▶ **MATERIAL PROVIDED**

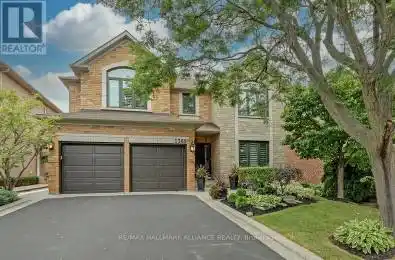 1389 Trail Oakville (Iroquois Ridge North) Ontario L6H6C7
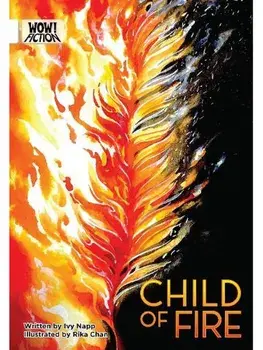 Child of Fire, Paperback/Ivy Napp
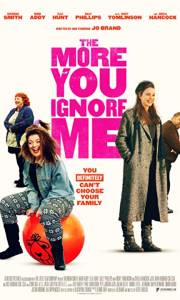 Nie ignoruj mnie online / The more you ignore me online (2018) | Kinomaniak.pl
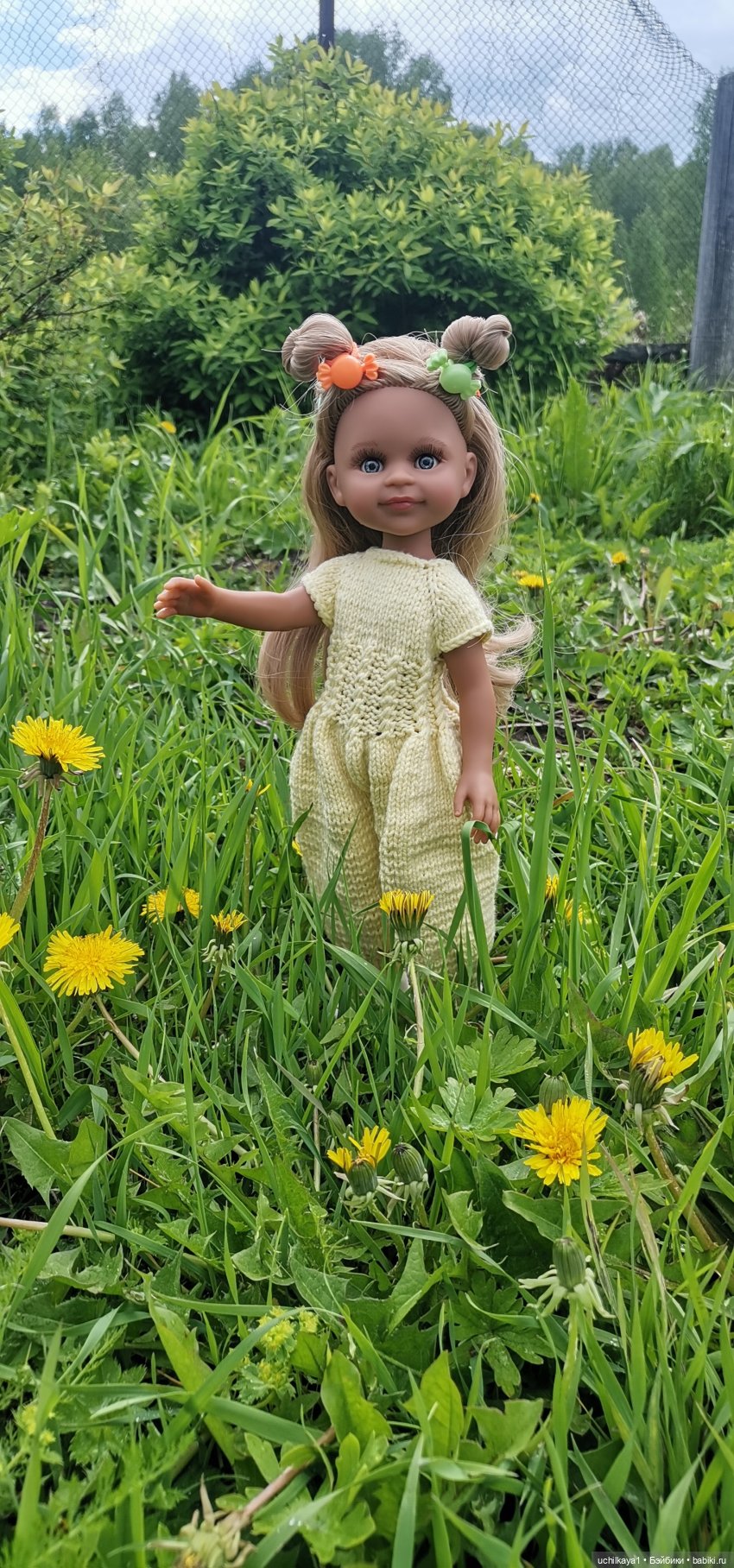 Мои паолочки — Куклы Paola Reina (Паола Рейна): новинки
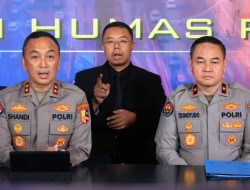 Netizen Penasaran Untuk Apa Robot Polisi, Ini Penjelasan Polri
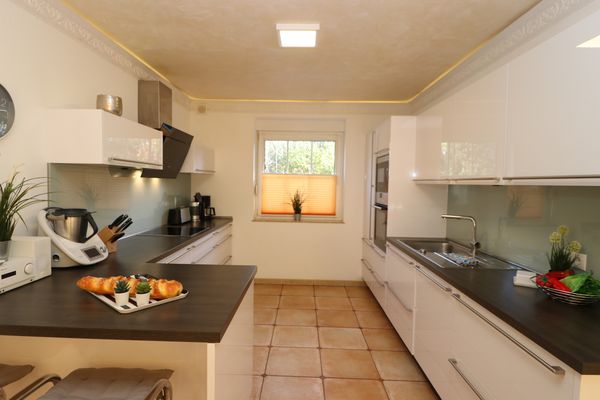 APPARTEMENTHAUS NASTASSJA App. 03 Ostseebad Dierhagen - 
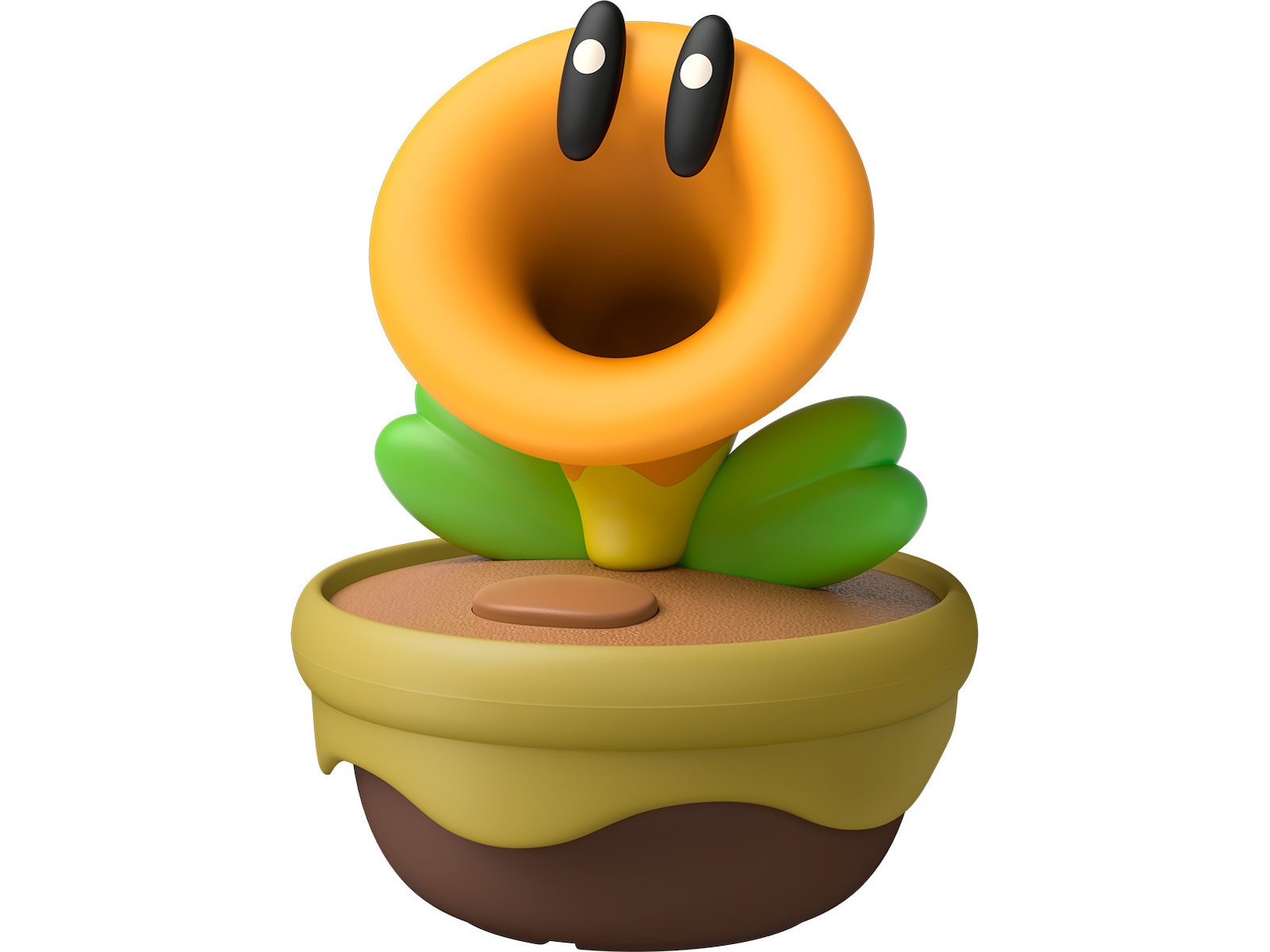 Super Mario Bros. Wonder Talking Flower Tilbehør til spillkonsoller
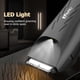 thumbnail image 3 of Recortadora de vello corporal ENSSU para hombre con cuchilla segura y pantalla LED, 3 of 7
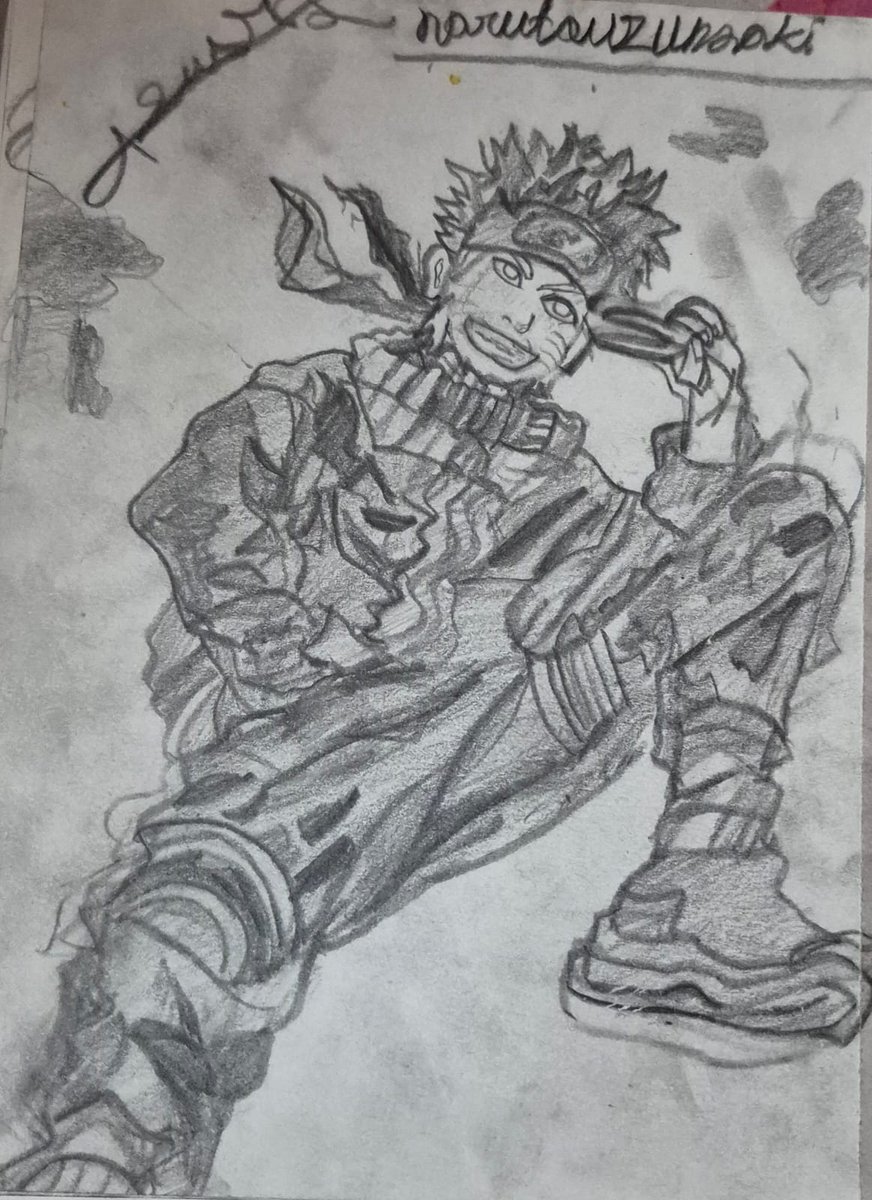 rum_ka_jogi's tweet image. #sketches 
#son 
#KidsLearning 
Adding to the series

Love to share sketches made by my son ASWATH, I love ❤️ his hard work and deication....

So that he gets more #motivated and #feelsgood to him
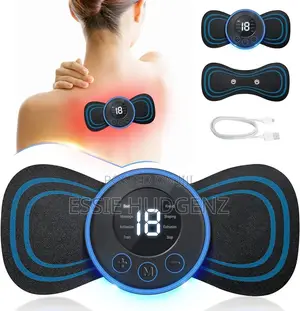 Portable Rechargeable Massager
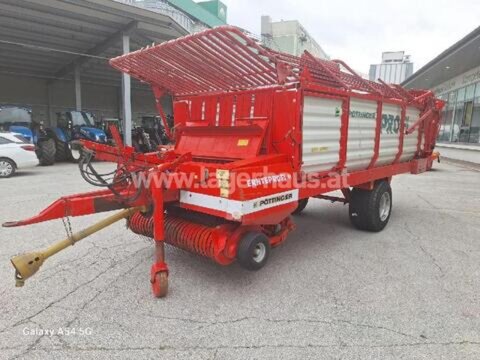 Pöttinger Ernteprofi II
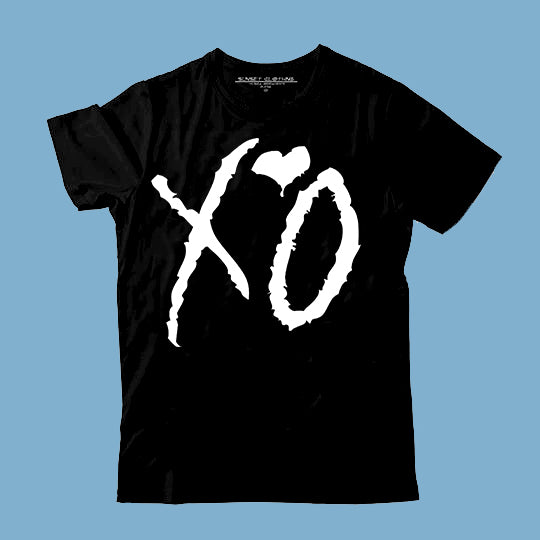 The Weeknd - Logo Heart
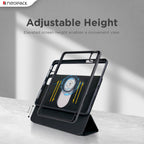 Neopack Swivel Magnetic Case with 360 Degree Rotating & Height Adjustment Function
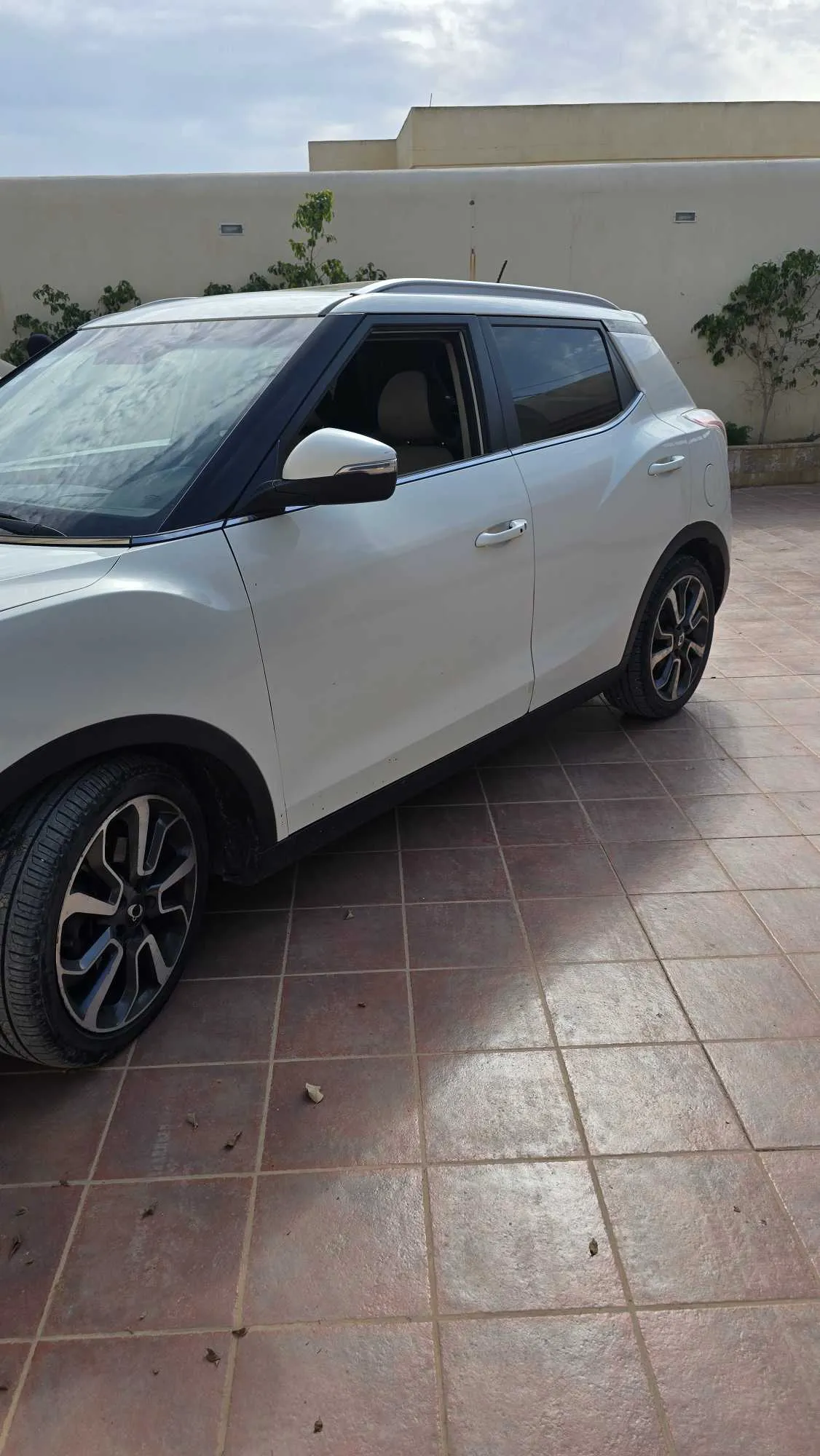 Tivoli 1.6 diesel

▶ **WORK REQUEST**
Give the material above again exactly as it stands, minus any images.

▶ **ANSWER TO THIS EXERCISE**
 1389 Trail Oakville (Iroquois Ridge North) Ontario L6H6C7
 Child of Fire, Paperback/Ivy Napp
 Nie ignoruj mnie online / The more you ignore me online (2018) | Kinomaniak.pl
 Мои паолочки — Куклы Paola Reina (Паола Рейна): новинки
 Netizen Penasaran Untuk Apa Robot Polisi, Ini Penjelasan Polri
 APPARTEMENTHAUS NASTASSJA App. 03 Ostseebad Dierhagen - 
 Super Mario Bros. Wonder Talking Flower Tilbehør til spillkonsoller
 thumbnail image 3 of Recortadora de vello corporal ENSSU para hombre con cuchilla segura y pantalla LED, 3 of 7
 rum_ka_jogi's tweet image. #sketches 
#son 
#KidsLearning 
Adding to the series

Love to share sketches made by my son ASWATH, I love ❤️ his hard work and deication....

So that he gets more #motivated and #feelsgood to him
 Portable Rechargeable Massager
 Pöttinger Ernteprofi II
 The Weeknd - Logo Heart
 Neopack Swivel Magnetic Case with 360 Degree Rotating & Height Adjustment Function
 Tivoli 1.6 diesel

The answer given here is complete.